3. We have heard Advocate Anil Mardikar for the petitioner and Shri. Badar, Special counsel for the respondent.

Inviting attention to the fact that the truck was not interrupted while allegedly transporting illicitly felled timber but was seized more than a month thereafter and that too from his residence, petitioner contended that the identity of timber seized from Saw Mill at Kolhapur with the timber transported through his truck has not been established. Learned counsel argues that Saw Mill may be having other timber and that timber cannot be fastened upon or co-related with truck of petitioner. He states that entire timber was transported as per valid transit pass issued on 7-1-1999 and the wood of Katsawar was very much included in it. He further argues that case of department is that said transit pass is forged but the officer of department, prima facie found responsible by respondents for issuing it, could not be prosecuted and the department has accordingly filed report in the court of J.M.F.C. He argues that no excess quantity of timber was transported by petitioner. He has taken the court through the material on record and also through the impugned orders. As against this Shri. Badar, learned counsel for Department has contended that even if all 3 transit passes are read together, the fact of illegal transportation is established. 1.388 cubic meters have been transported illegally and 20 logs without any hammer marks have been seized from Geeta Saw Mill. He argues that burden to explain transportation of illegal timber was upon petitioner and he has failed to discharge it. He further invites attention to relevant provisions of Indian Forest Act to point out the scheme and to state that impugned orders are perfectly legal & valid. He further states that against the officers of Forest Department, who conspired with the petitioner, departmental inquiry has already been initiated.
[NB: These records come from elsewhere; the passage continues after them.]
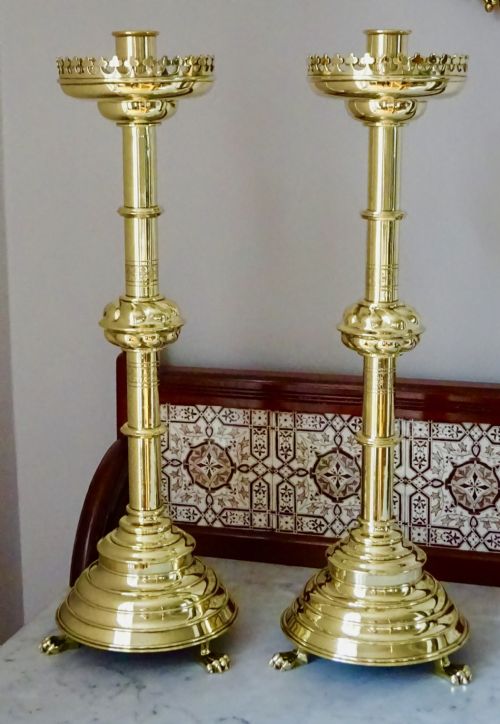 Pair Victorian Very Tall and Heavy Brass Candlesticks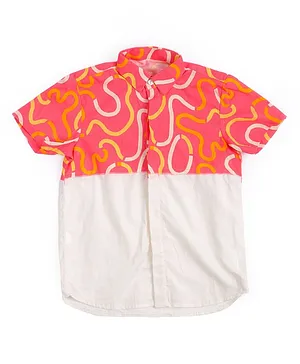 Miko Lolo Organic Cotton Half Sleeves Colour Blocked Abstract Printed Shirt - Pink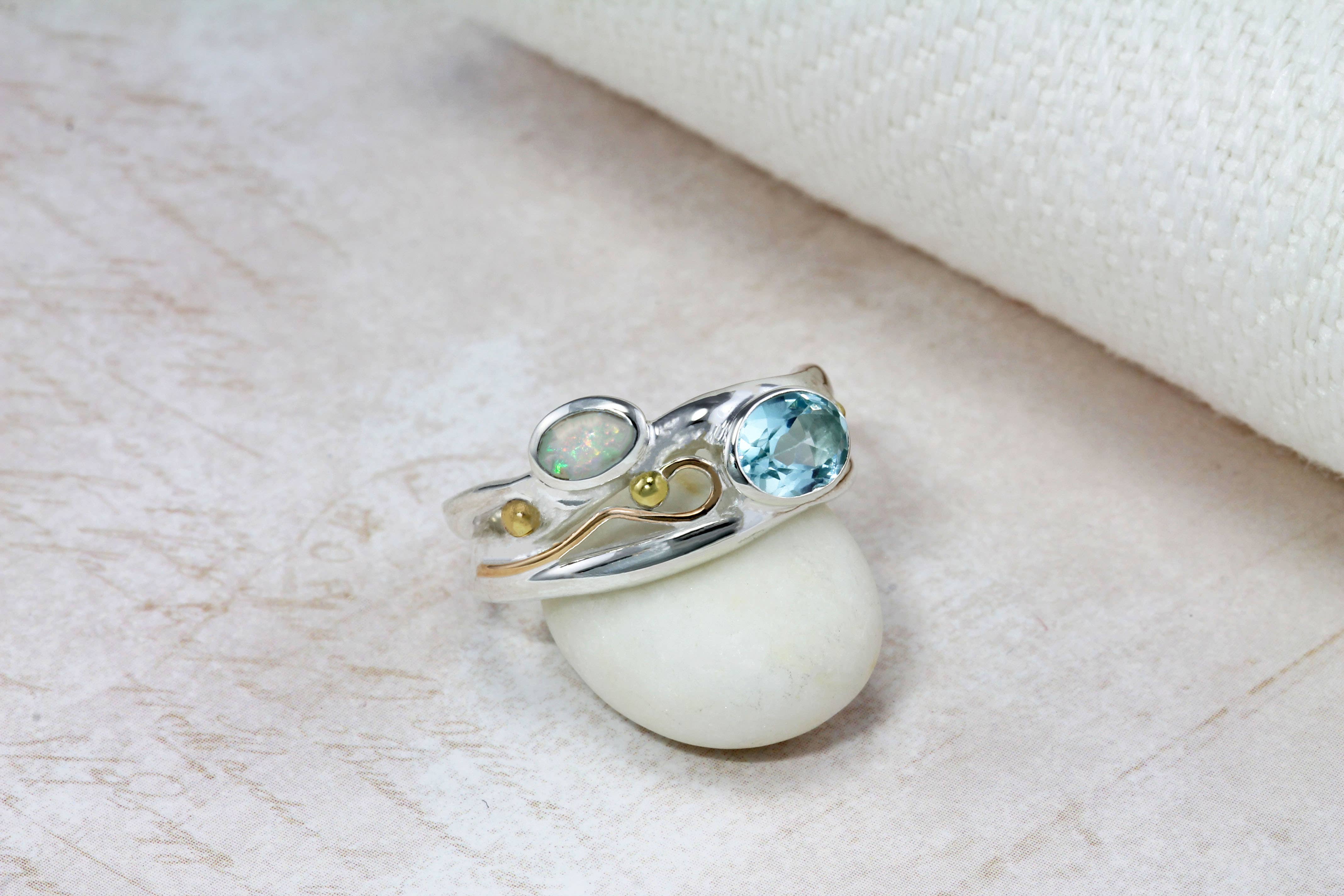 Banyan Jewellery - Wholesale Multi-Stone Ring - Handmade Blue Topaz & Opal Sterling Silver Ring 5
4. We find that the examination of the transit passes involved in this matter is essential to understand the controversy. As per transit pass 001805 dated 7-1-1999 produced by the petitioner, timber i.e. 60 logs of Nimb, Behada & Katsawar, quantity 9.735 cubic meters were to be transported. The Forest Department seized at Kolhapur 60 logs of Nimb, Behada & Katsawar, quantity 11.123 cubic meters. Thus 1.388 cubic meters have been transported extra through truck of the petitioner. This transit pass No.001805 has been issued in lieu of earlier transit pass No.667308 dated 8-5-1998 and No.736977 dated 21-10-1998. The show cause notice annexed with the petition by petitioner does not mention this position correctly and the later transit pass dated 21-10-1998 is omitted from it. However perusal of original show cause notice reveals the correct position. Quantity to be transported against transit pass No.667308 dated 8-5-1998 is 10.163 cubic meters and the timber mentioned is Nimb, Behada, Gorad, Kahu, Peri. Transit pass No.736977 dated 21-10-1998 is in relation to 25. cubic meters wood of Adjat Peri, small pieces and firewood. Thus both of them do not pertain to any quantity of Katsawar. Thus timber of Katsawar which was not there in both of earlier transit passes could not have been included in third transit pass No.001805 dated 7-1-1999 issued in lieu thereof. Present petitioner has not disputed transporting Katsawar logs on 7-1-1999 to Geeta Saw Mill, Kolhapur. It is therefore apparent that said timber has been illegally transported by making alterations in said transit pass. Though Petitioner has in petition described himself as transporter engaged in business of transportation, in reply to show cause notice, he had stated that he is timber merchant having 10 years' experience. Not only this he has also mentioned that because of his timber business, he is constantly in touch with Forest Department. Nowhere he has disclosed that he was involved only as transporter. In view of this position, it is apparent that truck of petitioner has illegally transported the excess timber to Geeta Saw Mill at Kolhapur.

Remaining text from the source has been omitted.